How do you lead? Do you have all the ideas, yourself? Or, do you struggle with how to move forward, hoping ways to improve will ‘come to you?’ Worse yet, have you resigned yourself to believing that yours is a business that is uncontrollable, subject to the whims of whatever industry you’re in?
How you answer the question may suggest whether you’re really leading or simply managing. Similar questions show up frequently, either in current discussion, or in innumerable articles. It amazes me how so few ‘leaders’ seem willing to ask interested parties for their input. As a product manager, my most successful ‘ideas’ often came from directly asking the consumers of my products or services.
A few weeks back, a Product Manager started a discussion in LinkedIn. He was trying to map out a new strategy for his product line. We discussed the value of reaching out to his customers for their input. Who better to give you input on the current state of your product/service than those using it daily? Regardless of the reason the organization simply refused to ‘ask’ its customers for input. How can you keep customers happy, returning, engaged, if you do not work to understand their needs?
Customer input on the current state of your product will only lead to incremental improvements (e.g. Release 1.0, 1.1, 1.X). They’ll give you ideas on how to improve some shortcoming in today’s products. With this input, you can make decisions on how to lead your own team’s efforts forward.
To make significant strides forward (e.g. Release 2.0, 3.0, X.0) you need to look beyond your customer. While your customer can help give you incremental guidance, it is up to you (and your organization) to provide them leadership. Whether you’re a captive business unit (internal customer) or deliver value to external customers, they look to you to figure things out. Customers are not normally able to tell you what they need (beyond what they have) so you need to take the risk and figure it out for them.

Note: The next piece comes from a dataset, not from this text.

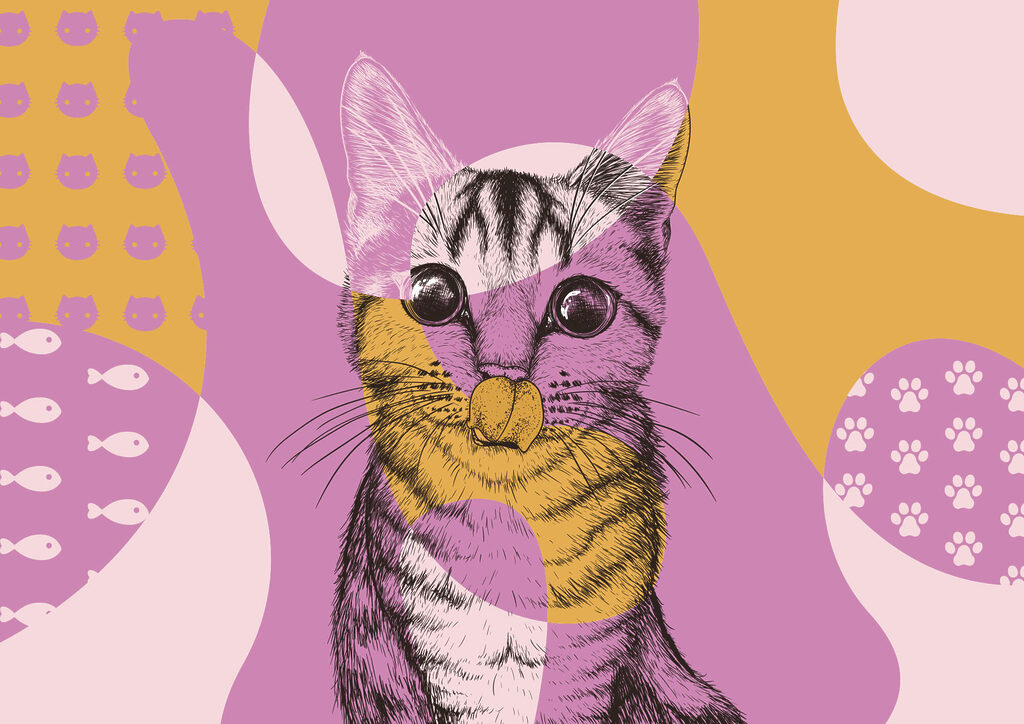 Γάτα σε πολύχρωμα σχήματα — πλήρες σχέδιο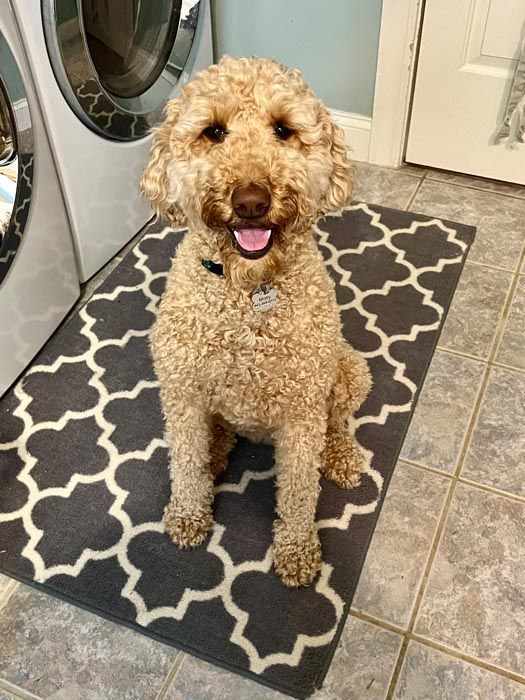 Golden-brown Goldendoodle dog sitting on a gray patterned mat near a washing machine, smiling with tongue out.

Moving your business forward, determining the direction your products or services take, requires you provide leadership. Alan Keith of Genentech is credited with describing leadership, “Leadership is ultimately about creating a way for people to contribute to making something extraordinary happen.” (http://en.wikipedia.org/wiki/Leader)
Sometimes you need to be humble enough, to simply talk with people. Ask for their thoughts. You’ll be surprised at what they can provide.